The Vanport Placemarking Project is an effort to commemorate areas and create space for others to share and reflect on their own experiences of Vanport. We recognize that the development and ramifications of the Homesteading Act of 1862, the levee system, wartime housing projects, and the 1948 flood have all impacted local communities in different ways, especially for Indigenous, Black, and low-income communities ones.

Signs alone are not enough. This project helps visitors learn from each other’s experience. 

Projected Timeline

 

2018-2019: Project Plan Development

Formation of a Board of Directors; 501(c)(3) status obtained; scope of work defined; funding obtained through government and foundation grants and sponsorships.

 

View of Portland International Raceway (PIR) offices with two historic Vanport banners.

2019: Banner and Sign Installed at Portland International Raceway (PIR)

A sign has been mounted on the wall of the PIR Administration Office to offer visitors a brief overview of the site’s history. It includes photos and a map of what used to be Vanport.

A 7’ x 12’ banner has been hung on the back of PIR’s west grandstand to inform event attendees about Vanport, cira 1948.

 

2020: Phase I Begins

The first sign, funded by Prosper Portland, Oregon Cultural Trust, and Oregon Parks and Recreation, is developed and designed by a team of historians, community members, and graphic artists. 
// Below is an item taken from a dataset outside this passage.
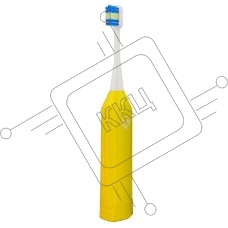Электрическая зубная щетка Hapica Minus-ion ионная звуковая  с щетинками одинаковой длины. Желтая.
A new website is created to offer more detailed information about the Vanport Places Project and the Vanport’s history. 

Development begins for an Augmented Reality app that will allow visitors to immerse themselves in scenes of historic Vanport, on site.

Project team works with the City of Portland, which obtains National Historic Site recognition for the Vanport site and the inclusion Vanport in the Portland, Oregon African American Multi-Properties Documentation (MPD) National Register.

Group touring Vanport site with a guide, they are standing on the foundation of the theater site.
Group standing on the only visible remaining Vanport structure, the foundation of the Vanport movie theater.
Two women by a fence at what was once the site of their home in Vanport.  They are holding a red sign with the text
Former residents of of Vanport Gayle Whitehurst and her sister Nancy indicating where they once lived. Sign reads: “Lille and Nicholas lived near this site with their three children Nancy, Richard, and Gayle.”
 

2021-2022: Phase I Continues

Additional signs will be designed and installed to highlight the influence of Vanport on Indigenous peoples, federal public housing policies, watershed and flood management, women in the workforce, and the heritage of Vanport firsts in Oregon history and more.

 

2023: Phase I Completion, Phase II Planning

The Vanport Places project aims to have all signs installed by May 2023 to mark the 75th anniversary of the 1948 flood.

A mix-ed race crowd standing on Denver Avenue looking at the destruction of the 1948 flood (flood is not shown).
Vanport residents and others standing on a bluff above the flood waters in 1948.

 

2023 Onward: Phase II Begins

Begin process for developing an interpretive center.